Leonard created his visuals in Excel, using some templates that I've previously shared (for example, this and this). I promise, I won't let that bias me! He also mentioned that this is the first time he's tried some of these techniques (a great low-risk place to test them out!).

Here are Leonard's comments: I took cues from the text of the Economist's short article to determine what points to make. My first chart is almost identical to the Economist's, but without the colour-coded regions. I converted their 2nd set of charts to a single chart to make a clear point about how much Africa & Asia contribute to total growth. In my 3rd chart I wanted to show how much faster India is growing compared to China (in real terms). Sadly it has the effect of making Nigeria's growth look lackluster. I didn't want to split the slope charts into 2, for fear that the scale (and therefore slope angles) would change misleadingly. My final chart is as much to show the top 10 most populous countries in 2050 as it is to show their growth.

Throughout I focused on 2015 > 2050 only. For consistency and for relevance. The world was very different in 1950, and by 2100 the forecasts are as much fiction as prediction. In fairness to the Economist, I suspect they're not using the charts to tell a story, but rather to fit a large amount of information into as small a space as possible.

 Here are Leonard's visuals:

Leonard's original graphs were on two pages, so if anything is too small to read here, it's my fault, not his!

Leonard's original graphs were on two pages, so if anything is too small to read here, it's my fault, not his!

My take: the graphs are very clean and I like how Leonard not only showed the data, but also called out something interesting to focus on with the subtitles. As a point of feedback, if he wanted to take this a step further, he could make it even clearer why some of the data is highlighted (but not other) in blue by also making the subtitle text (or relevant portions of the subtitle text) the same blue. This would just be another visual connection showing that the text color and graph color are related. I also recommend adding axis titles (this is a point of feedback that is relevant for a number of the submissions - always title and label your axes!).

I like how the first graph is ordered by decreasing population. The final graph could benefit from this, too, which would make it more quickly clear that the countries expected to grow the most on a percentage basis are the ones that are highlighted (there should be logic in order!). Nice work!


Submission #4: Shobhana Thirumaran

Shobhana took a totally different approach to the population projections using a dot plot to illustrate the anticipated change by region (left graph below):

Hers was another early entry, and she iterated based on some feedback I shared with her. Overall, I think these visuals are nicely done. I found the graph on the left very interesting (I wouldn't have thought to show the data in this way). One minor adjustment would be to sort the geographic areas in order of decreasing size to help create a construct for the audience to use as they interpret the data. In the line graph, one approach would be to make all the overlapping countries at the bottom (and perhaps adding a single title for "Other" to make it clear that those are other countries shown for reference but not the focus). My final piece of feedback was to title the axes directly - you can figure out what each is from the graph title, but when you label directly your audience doesn't even have to think about it.
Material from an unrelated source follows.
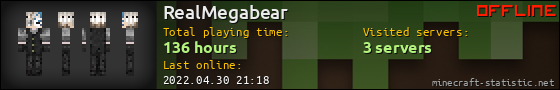 RealMegabear userbar 560x90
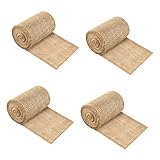 BESPORTBLE 4 Rollen Baumstamm Wickelband Grobem Jutestoff Atmungsaktiver Frostschutzwirksamer...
Here are the modified visuals from Shobhana (nicely done!):

Submission #5 - Geoffrey Felix

Geoffrey caught the blog post announcing the challenge when he returned from vacation, with less than a day left to create his visualization. He took a minimalist approach in Tableau, using lines and slopegraphs to summarize expected population growth in the various regions over time. Here are his visuals:

I like the callout in the first graph that points out when world population is expected to exceed 10 billion. I'd love to see similar callouts in the other graphs. I like how the change each region makes up of total is depicted via slopegraphs in the middle section and how he further details the absolute change in each area via the respective country breakouts at the bottom (I'd perhaps try to make this tie between the middle and final visuals even clearer). It's interesting to see that, in spite of anticipated huge numeric growth in India (final graph, left), the percent Asia makes up of total world population is expected to decrease (middle visual, left). 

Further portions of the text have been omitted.